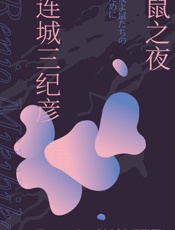鼠之夜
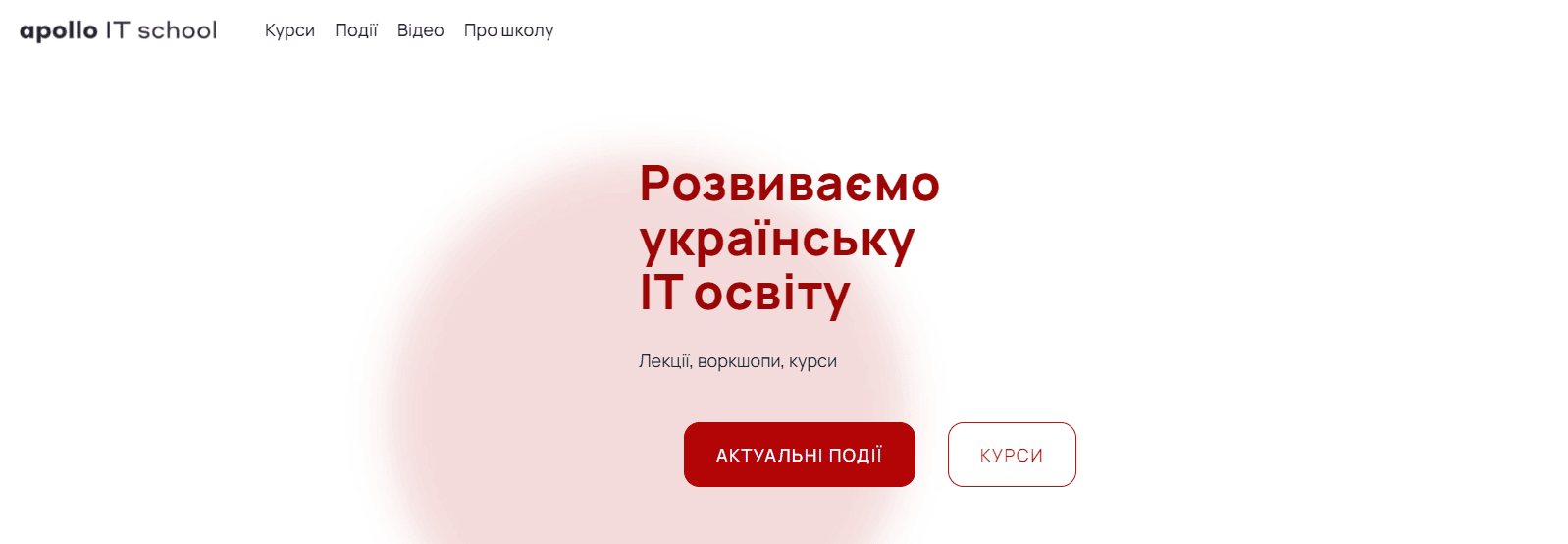 освіта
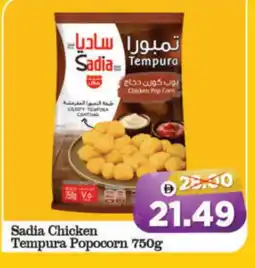 Al Madina Hypermarket SADIA Chicken Pop Corn offer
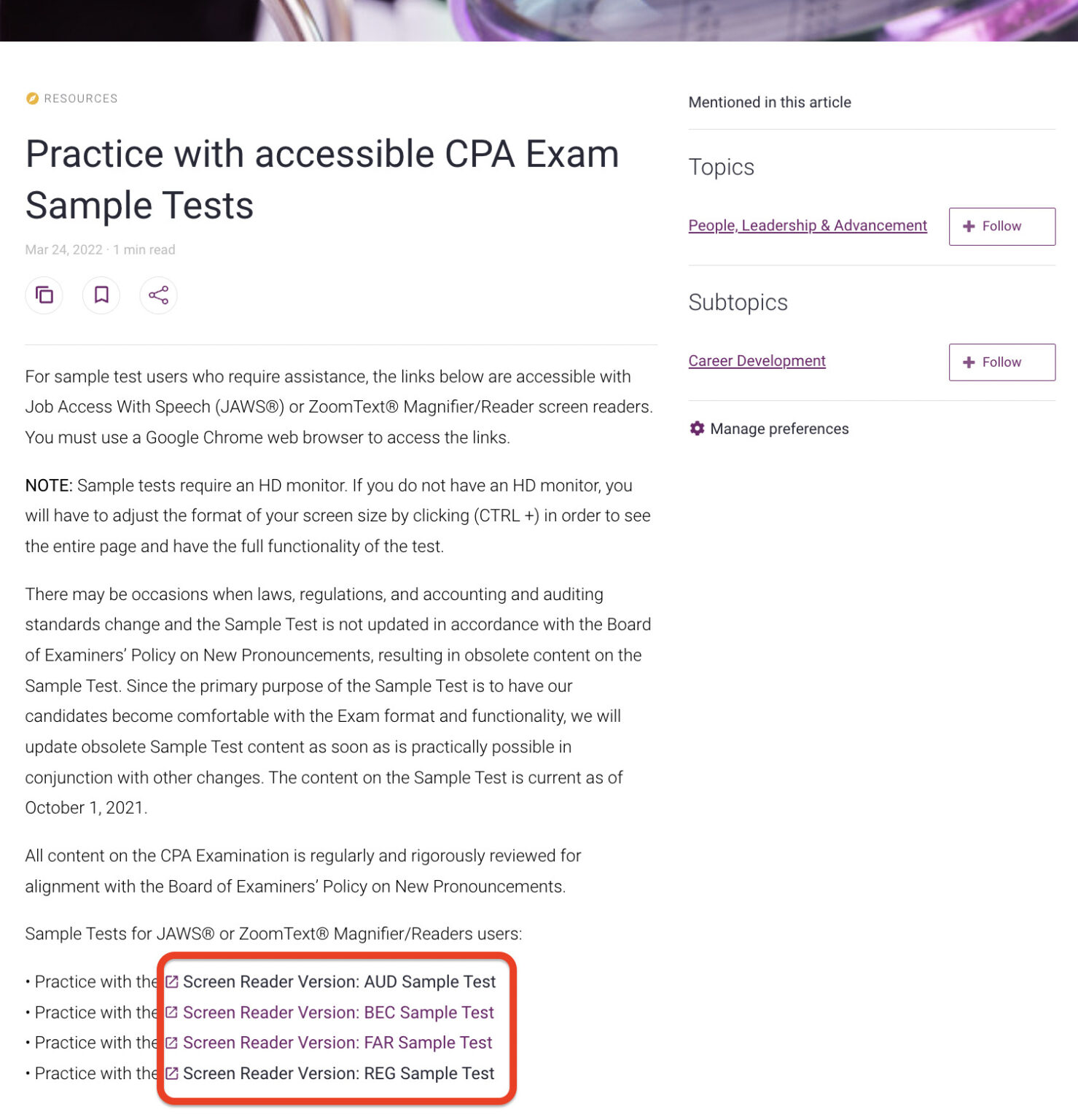 USCPA試験のサンプルテスト(Sample Tests)特徴3選 - USCPA職人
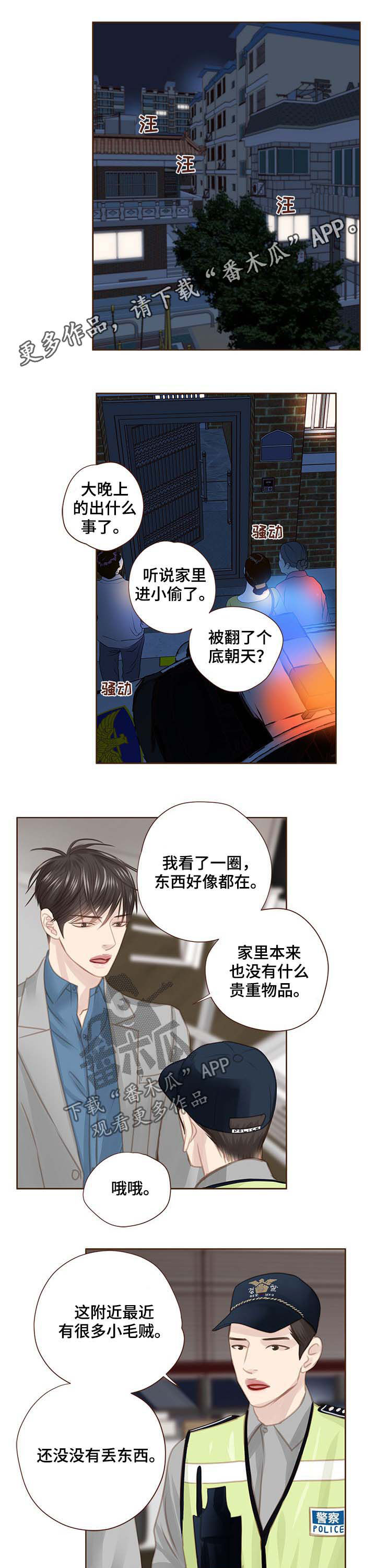 《轻狂年少》漫画最新章节第108章：警告免费下拉式在线观看章节第【10】张图片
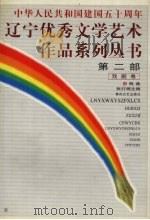 辽宁优秀文学艺术作品系列丛书第2部  戏剧卷  4  戏曲（ PDF版）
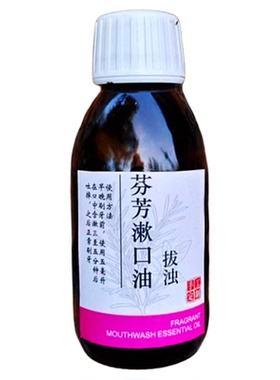 古法精油漱口油口气清新蛀牙芳疗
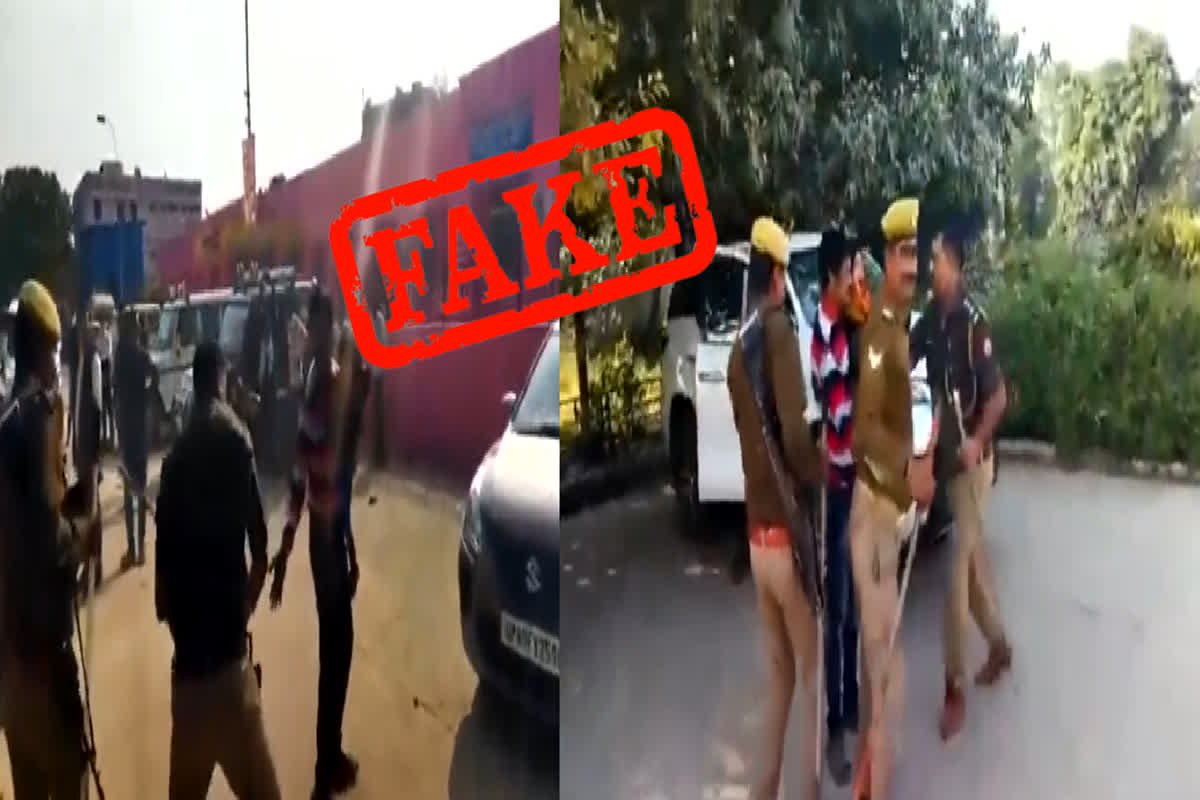 IBC24 Fact Check: चुनाव के बीच गोद में बच्चा लिए बाप को बेरहमी से पीटती रही पुलिस, जानिए क्या है वायरल वीडियो की असलियत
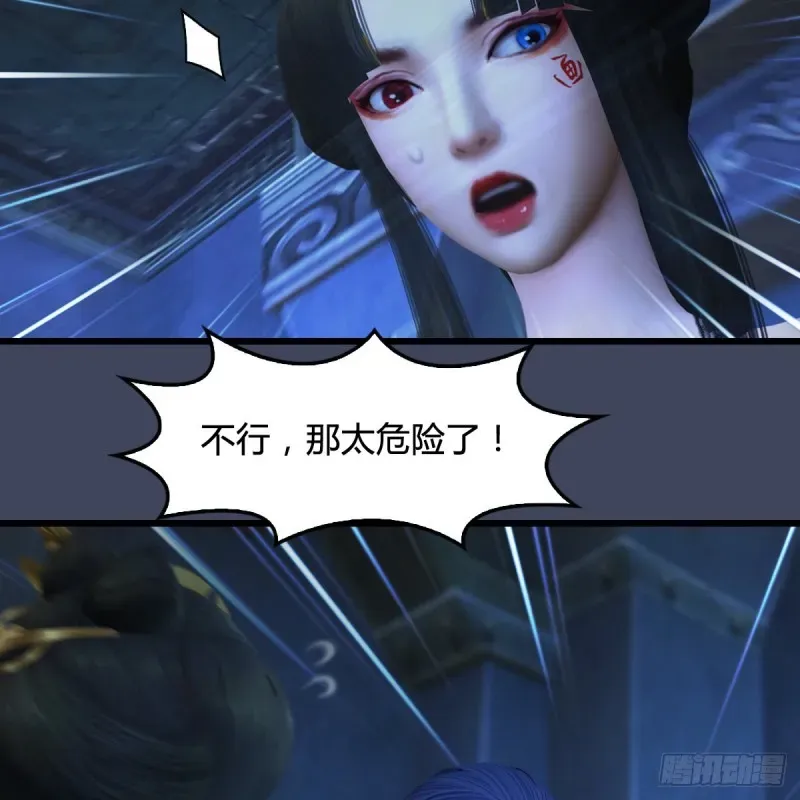 堕玄师 第394话：换心 第18页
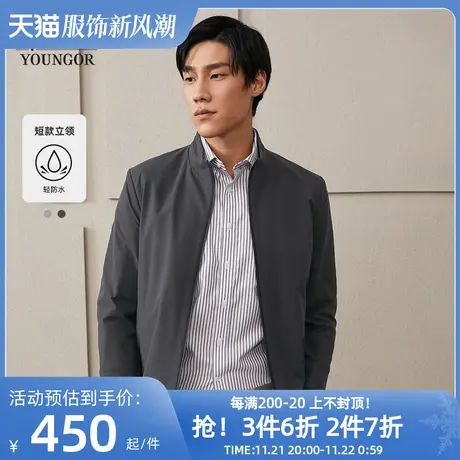 雅戈尔夹克春季男士新款商务休闲短款上班深灰飞行员薄外套3843商品大图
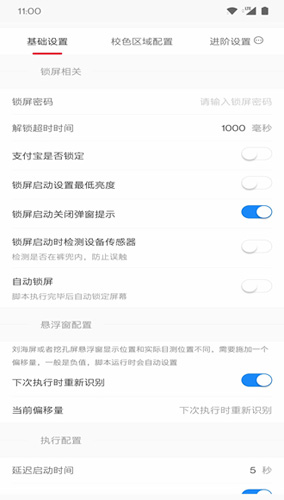 auto.js原版(7)
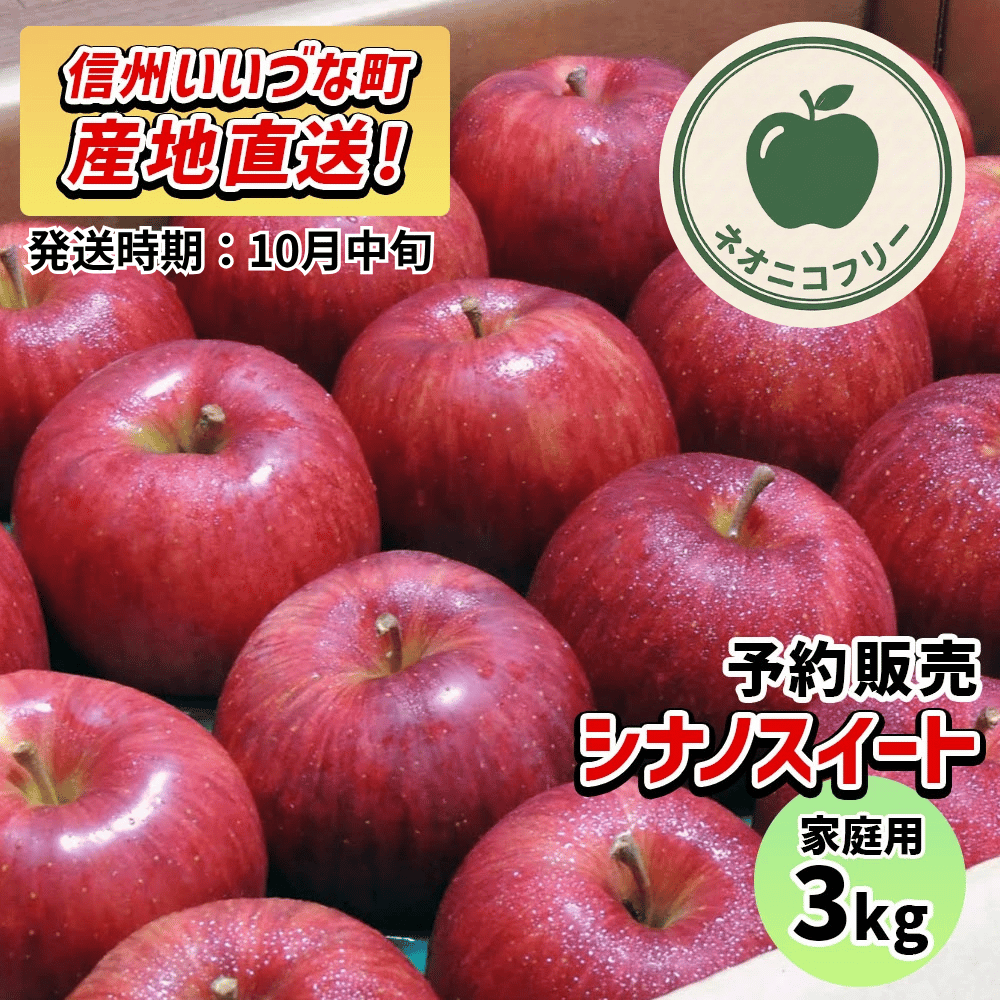 【りんご】 シナノスイート 3kg 〔ネオニコチノイド不使用 有機リン不使用 除草剤不使用〕 予約販売 2026年10月中旬以降順次発送予定 送料込 長野県 飯綱町産 みつどんマルシェ 訳あり 自宅用 家庭用 ネオニコフリー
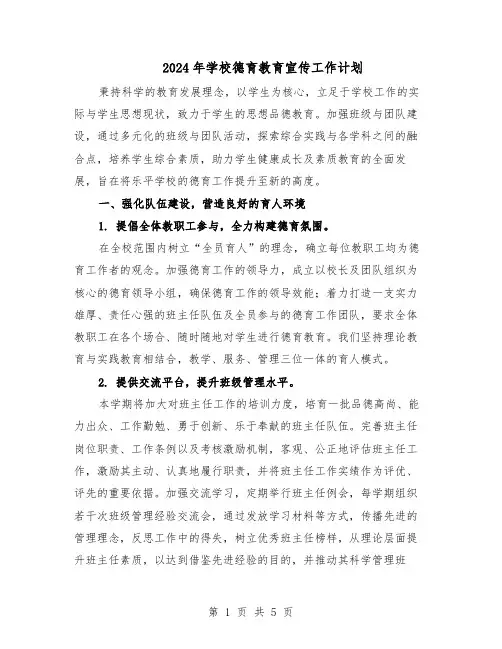 2024年学校德育教育宣传工作计划（3篇）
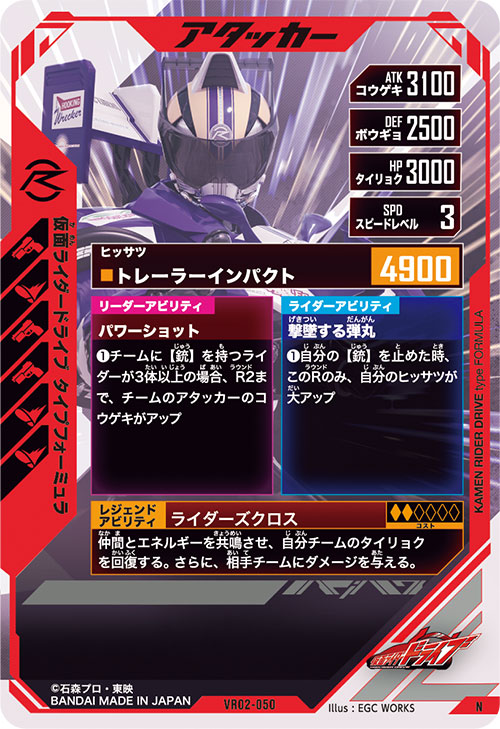 仮面ライダードライブ タイプフォーミュラ アタッカー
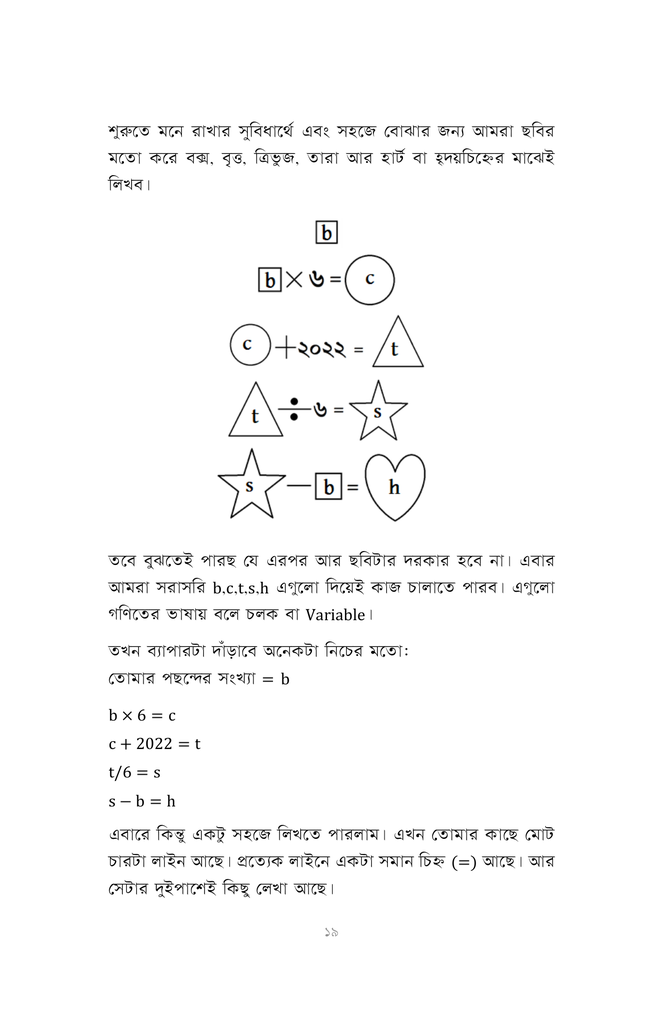 সাত ১৩ আরও ১২14.jpg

▶ **Task directions**
Extract only the lines from the one that contains "auto.js原版(7)" through the end of the records, inclusive, and omit every picture.

▶ **The completed task**
 auto.js原版(7)
 【りんご】 シナノスイート 3kg 〔ネオニコチノイド不使用 有機リン不使用 除草剤不使用〕 予約販売 2026年10月中旬以降順次発送予定 送料込 長野県 飯綱町産 みつどんマルシェ 訳あり 自宅用 家庭用 ネオニコフリー
 2024年学校德育教育宣传工作计划（3篇）
 仮面ライダードライブ タイプフォーミュラ アタッカー
 সাত ১৩ আরও ১২14.jpg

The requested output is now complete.